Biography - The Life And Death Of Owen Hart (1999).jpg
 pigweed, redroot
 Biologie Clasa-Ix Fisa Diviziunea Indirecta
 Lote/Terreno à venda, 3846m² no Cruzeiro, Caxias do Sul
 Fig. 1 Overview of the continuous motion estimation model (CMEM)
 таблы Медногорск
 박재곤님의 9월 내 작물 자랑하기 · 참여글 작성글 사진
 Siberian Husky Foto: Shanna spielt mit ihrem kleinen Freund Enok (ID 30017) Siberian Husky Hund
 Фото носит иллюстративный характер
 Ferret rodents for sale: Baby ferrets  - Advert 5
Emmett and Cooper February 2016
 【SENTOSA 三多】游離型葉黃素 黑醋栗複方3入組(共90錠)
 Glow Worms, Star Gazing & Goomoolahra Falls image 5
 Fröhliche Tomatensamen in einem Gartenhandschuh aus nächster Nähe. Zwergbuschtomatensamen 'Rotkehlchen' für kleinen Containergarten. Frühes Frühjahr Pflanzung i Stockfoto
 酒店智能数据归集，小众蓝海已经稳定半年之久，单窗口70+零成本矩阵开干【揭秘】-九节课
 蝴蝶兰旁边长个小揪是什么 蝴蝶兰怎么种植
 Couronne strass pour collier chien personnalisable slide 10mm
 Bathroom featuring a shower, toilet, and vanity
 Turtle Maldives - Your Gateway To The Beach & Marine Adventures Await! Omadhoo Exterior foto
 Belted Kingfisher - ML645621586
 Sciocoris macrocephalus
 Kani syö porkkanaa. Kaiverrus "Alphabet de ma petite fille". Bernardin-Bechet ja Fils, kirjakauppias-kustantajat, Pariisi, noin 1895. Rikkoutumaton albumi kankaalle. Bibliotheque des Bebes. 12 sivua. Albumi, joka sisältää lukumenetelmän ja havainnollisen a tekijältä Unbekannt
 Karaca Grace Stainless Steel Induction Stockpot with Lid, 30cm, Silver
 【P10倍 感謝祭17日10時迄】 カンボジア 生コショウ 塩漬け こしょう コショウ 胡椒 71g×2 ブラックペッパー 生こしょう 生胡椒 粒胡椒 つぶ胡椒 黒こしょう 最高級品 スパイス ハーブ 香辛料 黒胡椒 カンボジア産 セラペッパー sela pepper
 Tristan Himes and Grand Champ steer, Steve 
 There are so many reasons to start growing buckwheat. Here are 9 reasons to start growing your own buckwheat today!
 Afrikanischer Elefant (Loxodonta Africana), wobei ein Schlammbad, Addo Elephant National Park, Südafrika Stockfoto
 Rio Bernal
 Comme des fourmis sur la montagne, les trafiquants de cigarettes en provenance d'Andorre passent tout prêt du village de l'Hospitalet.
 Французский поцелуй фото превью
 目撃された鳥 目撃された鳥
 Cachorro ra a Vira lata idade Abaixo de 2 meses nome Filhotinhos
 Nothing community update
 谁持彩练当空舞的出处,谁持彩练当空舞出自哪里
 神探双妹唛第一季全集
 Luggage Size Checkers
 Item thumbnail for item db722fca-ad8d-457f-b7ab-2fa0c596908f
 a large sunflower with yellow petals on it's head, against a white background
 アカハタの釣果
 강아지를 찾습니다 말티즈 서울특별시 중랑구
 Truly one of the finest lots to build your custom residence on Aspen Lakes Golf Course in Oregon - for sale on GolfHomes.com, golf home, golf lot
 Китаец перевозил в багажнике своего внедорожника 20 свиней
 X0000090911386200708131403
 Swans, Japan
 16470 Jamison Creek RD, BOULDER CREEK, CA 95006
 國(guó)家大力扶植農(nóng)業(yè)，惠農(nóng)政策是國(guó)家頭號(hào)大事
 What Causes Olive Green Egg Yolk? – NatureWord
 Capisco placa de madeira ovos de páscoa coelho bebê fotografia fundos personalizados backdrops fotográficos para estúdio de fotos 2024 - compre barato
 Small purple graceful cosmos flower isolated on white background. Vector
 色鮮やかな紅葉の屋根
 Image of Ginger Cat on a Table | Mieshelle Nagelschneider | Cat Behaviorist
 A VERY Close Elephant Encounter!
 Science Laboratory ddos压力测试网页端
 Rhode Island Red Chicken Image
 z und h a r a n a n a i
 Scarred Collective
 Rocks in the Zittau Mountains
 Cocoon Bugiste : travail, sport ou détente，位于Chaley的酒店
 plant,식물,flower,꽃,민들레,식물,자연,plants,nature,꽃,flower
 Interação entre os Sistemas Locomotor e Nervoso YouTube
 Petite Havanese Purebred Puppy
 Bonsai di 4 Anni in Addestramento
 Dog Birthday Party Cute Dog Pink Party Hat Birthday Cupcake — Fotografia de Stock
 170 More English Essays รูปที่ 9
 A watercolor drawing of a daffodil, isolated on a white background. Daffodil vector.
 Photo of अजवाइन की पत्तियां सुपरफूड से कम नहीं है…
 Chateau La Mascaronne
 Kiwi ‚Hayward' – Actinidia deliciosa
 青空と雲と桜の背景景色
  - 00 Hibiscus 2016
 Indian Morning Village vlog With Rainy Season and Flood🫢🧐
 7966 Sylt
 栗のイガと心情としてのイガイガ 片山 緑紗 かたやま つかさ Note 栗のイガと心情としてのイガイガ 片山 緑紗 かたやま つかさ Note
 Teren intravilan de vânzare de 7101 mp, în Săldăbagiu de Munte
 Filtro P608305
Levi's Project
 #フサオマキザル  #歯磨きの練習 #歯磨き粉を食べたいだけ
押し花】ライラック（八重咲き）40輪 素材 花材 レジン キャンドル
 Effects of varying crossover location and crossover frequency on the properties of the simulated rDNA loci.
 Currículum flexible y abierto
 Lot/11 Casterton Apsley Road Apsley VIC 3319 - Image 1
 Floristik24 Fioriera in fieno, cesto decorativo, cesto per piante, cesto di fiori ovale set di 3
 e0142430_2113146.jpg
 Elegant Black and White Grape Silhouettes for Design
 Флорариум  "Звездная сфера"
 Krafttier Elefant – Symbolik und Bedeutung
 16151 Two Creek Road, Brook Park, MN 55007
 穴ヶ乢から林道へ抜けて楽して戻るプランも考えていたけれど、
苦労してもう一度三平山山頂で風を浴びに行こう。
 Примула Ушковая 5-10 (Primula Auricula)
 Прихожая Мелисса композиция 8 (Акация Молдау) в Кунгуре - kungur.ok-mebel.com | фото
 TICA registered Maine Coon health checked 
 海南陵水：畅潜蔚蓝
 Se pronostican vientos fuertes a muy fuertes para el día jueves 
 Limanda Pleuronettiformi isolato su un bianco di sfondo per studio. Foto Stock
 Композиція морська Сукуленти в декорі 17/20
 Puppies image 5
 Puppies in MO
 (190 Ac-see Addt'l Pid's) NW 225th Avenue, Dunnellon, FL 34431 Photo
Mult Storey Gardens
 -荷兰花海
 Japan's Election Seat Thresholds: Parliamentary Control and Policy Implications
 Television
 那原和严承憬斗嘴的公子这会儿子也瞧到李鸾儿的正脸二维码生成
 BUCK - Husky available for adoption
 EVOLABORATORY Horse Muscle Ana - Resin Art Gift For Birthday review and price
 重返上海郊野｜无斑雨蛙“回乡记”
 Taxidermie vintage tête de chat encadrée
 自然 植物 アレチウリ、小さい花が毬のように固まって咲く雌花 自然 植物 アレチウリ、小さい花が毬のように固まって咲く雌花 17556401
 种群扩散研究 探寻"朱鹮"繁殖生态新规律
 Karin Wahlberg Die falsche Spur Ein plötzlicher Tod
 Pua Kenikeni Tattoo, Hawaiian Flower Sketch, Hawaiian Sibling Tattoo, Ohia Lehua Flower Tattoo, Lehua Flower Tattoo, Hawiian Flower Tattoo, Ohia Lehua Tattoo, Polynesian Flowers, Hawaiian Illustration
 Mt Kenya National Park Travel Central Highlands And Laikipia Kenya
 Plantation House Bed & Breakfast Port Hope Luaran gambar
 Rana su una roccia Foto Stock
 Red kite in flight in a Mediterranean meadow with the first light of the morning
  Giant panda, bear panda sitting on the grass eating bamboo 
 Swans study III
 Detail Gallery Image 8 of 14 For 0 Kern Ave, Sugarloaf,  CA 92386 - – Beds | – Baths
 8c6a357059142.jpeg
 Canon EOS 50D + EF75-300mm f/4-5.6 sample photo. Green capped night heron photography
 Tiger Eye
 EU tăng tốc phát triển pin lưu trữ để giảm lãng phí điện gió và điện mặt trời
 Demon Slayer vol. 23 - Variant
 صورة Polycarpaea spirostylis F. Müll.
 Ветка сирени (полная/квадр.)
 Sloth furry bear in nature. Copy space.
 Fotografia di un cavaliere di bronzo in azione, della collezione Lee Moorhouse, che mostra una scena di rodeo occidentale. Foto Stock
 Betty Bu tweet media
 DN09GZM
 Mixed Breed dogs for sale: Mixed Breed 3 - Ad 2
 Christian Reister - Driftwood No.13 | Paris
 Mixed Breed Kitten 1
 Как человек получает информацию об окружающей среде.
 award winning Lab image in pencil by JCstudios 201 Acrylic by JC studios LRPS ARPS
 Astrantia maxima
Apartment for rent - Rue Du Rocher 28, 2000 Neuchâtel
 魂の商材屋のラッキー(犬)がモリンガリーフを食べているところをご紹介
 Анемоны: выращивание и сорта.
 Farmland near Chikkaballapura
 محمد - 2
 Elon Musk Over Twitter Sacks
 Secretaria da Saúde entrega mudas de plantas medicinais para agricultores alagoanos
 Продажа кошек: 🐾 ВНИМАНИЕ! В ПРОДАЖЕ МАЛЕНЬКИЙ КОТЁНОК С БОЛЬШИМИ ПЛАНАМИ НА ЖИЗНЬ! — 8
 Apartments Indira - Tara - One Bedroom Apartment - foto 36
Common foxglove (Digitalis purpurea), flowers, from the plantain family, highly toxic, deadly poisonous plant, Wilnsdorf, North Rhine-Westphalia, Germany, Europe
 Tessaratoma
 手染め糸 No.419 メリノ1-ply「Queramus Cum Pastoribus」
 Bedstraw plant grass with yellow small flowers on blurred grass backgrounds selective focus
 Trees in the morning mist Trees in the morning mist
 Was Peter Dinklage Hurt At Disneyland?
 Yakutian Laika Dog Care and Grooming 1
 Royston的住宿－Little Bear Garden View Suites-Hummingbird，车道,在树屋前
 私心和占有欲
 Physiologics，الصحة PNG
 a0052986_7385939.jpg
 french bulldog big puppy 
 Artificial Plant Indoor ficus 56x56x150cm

═══

Task to carry out> Reproduce exactly the section above that begins at the line containing "a large sunflower" and ends at the line containing "What Causes Olive", leaving out all other lines.

Completed task>
 a large sunflower with yellow petals on it's head, against a white background
 アカハタの釣果
 강아지를 찾습니다 말티즈 서울특별시 중랑구
 Truly one of the finest lots to build your custom residence on Aspen Lakes Golf Course in Oregon - for sale on GolfHomes.com, golf home, golf lot
 Китаец перевозил в багажнике своего внедорожника 20 свиней
 X0000090911386200708131403
 Swans, Japan
 16470 Jamison Creek RD, BOULDER CREEK, CA 95006
 國(guó)家大力扶植農(nóng)業(yè)，惠農(nóng)政策是國(guó)家頭號(hào)大事
 What Causes Olive Green Egg Yolk? – NatureWord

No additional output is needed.